> Instructions to follow
Without including any pictures, return the records below exactly as written.

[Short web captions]
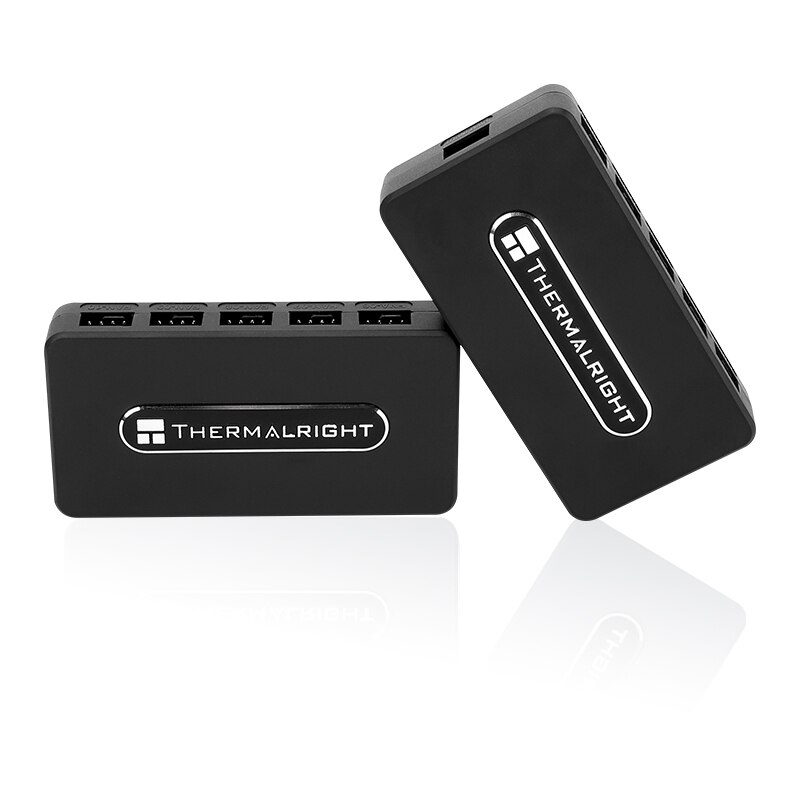 Thermalright FAN HUB Controller REV.A Computer Fan 1 To 10 HUB,4PIN PWM Spliter ,Support Mainboard Control, STAT Power Supply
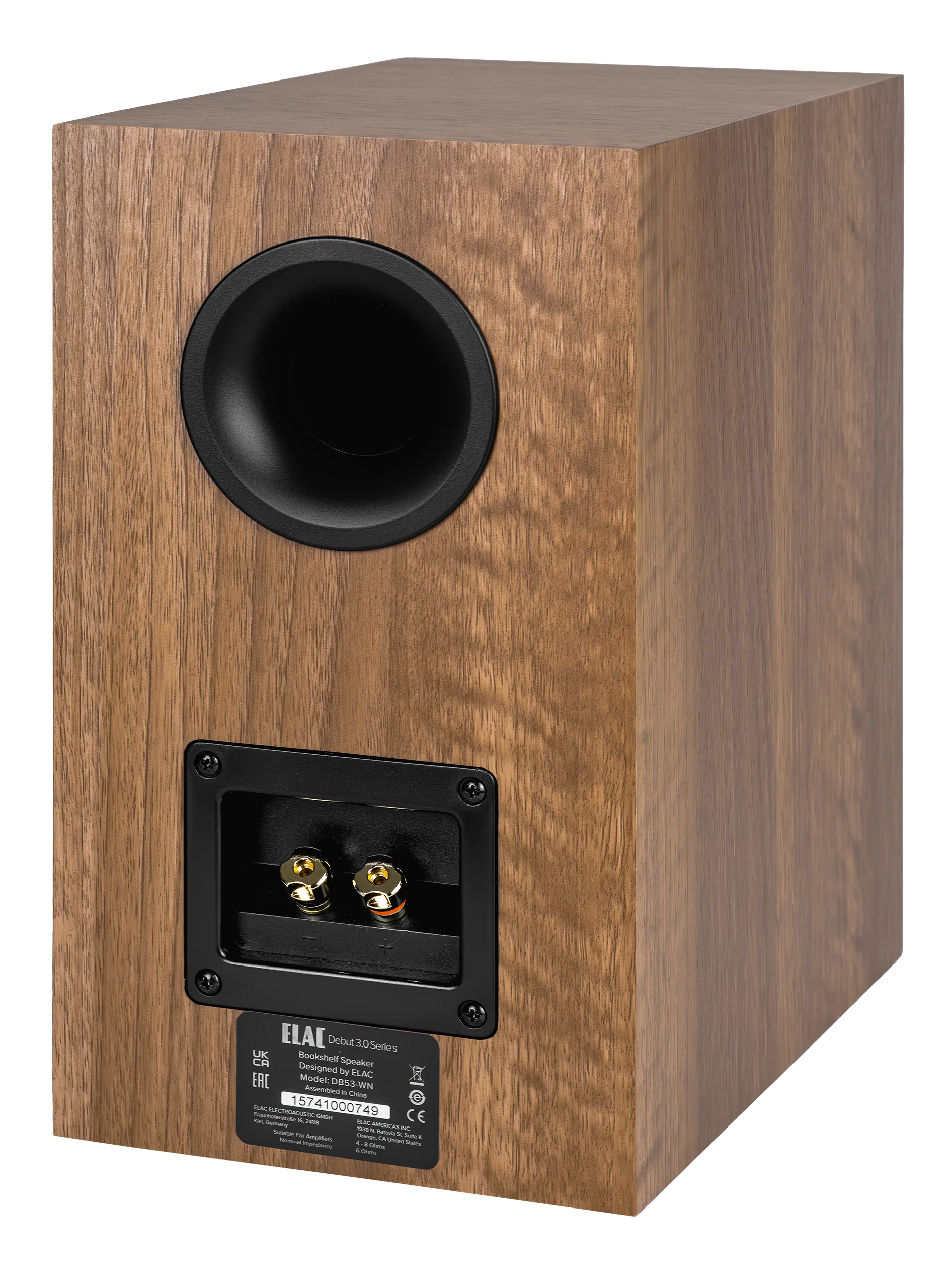 ELAC Debut 3.0 DB63 6.5 Inch Bookshelf Speakers (Pair) - Image 12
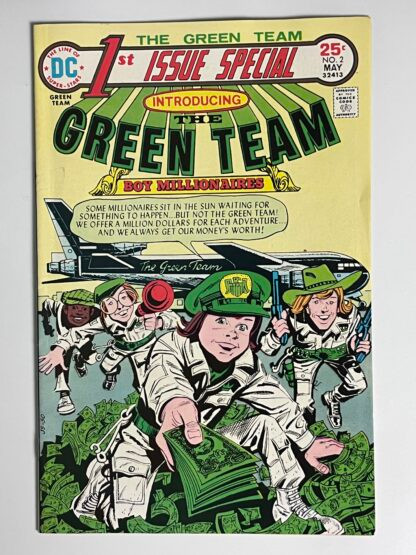 1st Issue Special #2 (1975)  1st team app. The Green Team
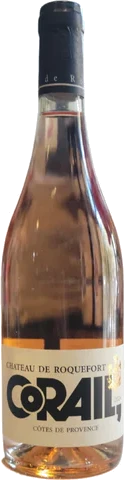 photo Corail Côtes de Provence Rosé Château de Roquefort 2024
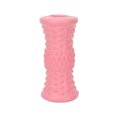 thumbnail image 1 of Masajeador revitalizante de pies con rodillos para aliviar los músculos y la fatiga: terapia de acupresión para fascitis plantar, color rosa, 1 of 8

> Task answer
 Thermalright FAN HUB Controller REV.A Computer Fan 1 To 10 HUB,4PIN PWM Spliter ,Support Mainboard Control, STAT Power Supply
 ELAC Debut 3.0 DB63 6.5 Inch Bookshelf Speakers (Pair) - Image 12
 1st Issue Special #2 (1975)  1st team app. The Green Team
 photo Corail Côtes de Provence Rosé Château de Roquefort 2024
 thumbnail image 1 of Masajeador revitalizante de pies con rodillos para aliviar los músculos y la fatiga: terapia de acupresión para fascitis plantar, color rosa, 1 of 8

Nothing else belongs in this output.